= Sandra Braman =

American academic

Sandra Braman (born 1951) is a professor in the Department of Media and Information at Michigan State University. She is a senior scholar at the James H. and Mary B. Quello Center at Michigan State, a fellow at the International Communication Association, an Ostrom Workshop affiliate at Indiana University, and an editor of the Information Policy series published by MIT Press.

== Education ==
Braman holds a PhD in Journalism and Mass Communication from the University of Minnesota. During her time as a doctoral candidate, she wrote the paper titled The "Facts" of El Salvador According to Objective and New Journalism (Journal of Communication Inquiry, 1985).

== Career ==
Braman's work and research on information policy, the macro-level effects of digital technologies and their policy implications has been supported by the United States National Science Foundation, the First Amendment Fund, and by the Ford, Rockefeller, and Soros Foundations. She was previously the Freedom of Expression Professor at the University of Bergen (Norway), visiting professor at the Federal University of Rio de Janeiro (Brazil), and visiting professor and FIRST Scholar at the University of Colorado-Boulder.

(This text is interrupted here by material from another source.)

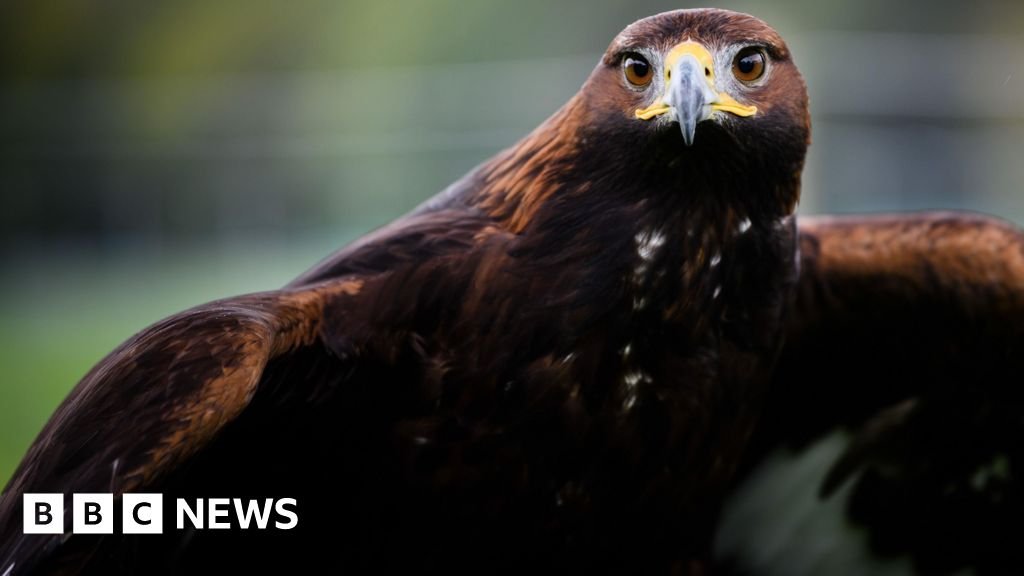 Consultation vital before golden eagles return to England 15 Consultation 'vital' before golden eagles return to England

Braman has served as chair of the Communication Law & Policy Division of the International Communication Association and chair of the law section of the International Association of Media and Communication Research, sits on the editorial boards of nine scholarly journals, and in 1997-1998 designed and implemented the first graduate-level program in telecommunication and information policy on the African continent, for the University of South Africa.

Prior to her current appointment, Braman was a professor of Telecommunication Media Studies in the Department of Communication at Texas A&M University, Professor of Communication at the University of Wisconsin–Milwaukee, served as Reese Phifer Professor of Telecommunication at the University of Alabama, Henry Rutgers Research Fellow at Rutgers University, research assistant professor at the University of Illinois Urbana-Champaign, and the Silha Fellow of Media Law and Ethics at the University of Minnesota.

== Awards ==
Among Braman's noteworthy achievements, she received the 2022 ICA Edwin C. Baker Award and the 2022 ICA Fellows Book Award for her book Change of State: Information, Policy, and Power (MIT Press, 2006).

== Partial bibliography ==
Works by Sandra Braman include:

- Communication Researchers and Policy-making, Editor (MIT Press, 2003). ISBN 978-0-262-52340-0
- Biotechnology and Communication: The Meta-Technologies of Information (Lawrence Erlbaum, 2004). ISBN 978-0-415-64608-6.
- The Emergent Global Information Policy Regime (Palgrave MacMillan, 2004). ISBN 978-1-4039-0369-3
- Information Technology, National Identity, and Social Cohesion (Bloomsbury Academic, 2005). ISBN 978-0-89206-458-8
- Change of State: Information Policy and Power (MIT Press, 2006). ISBN 978-0-262-02597-3

Articles by Sandra Braman have been published multiple academic journals including First Monday, Global Media and Communication, Information Society, International Journal of Communication, International Journal of Media & Cultural Politics, Internet Policy Review, Journal of the American Society for Information Science and Technology, Journal of Information Policy, and New Media & Society.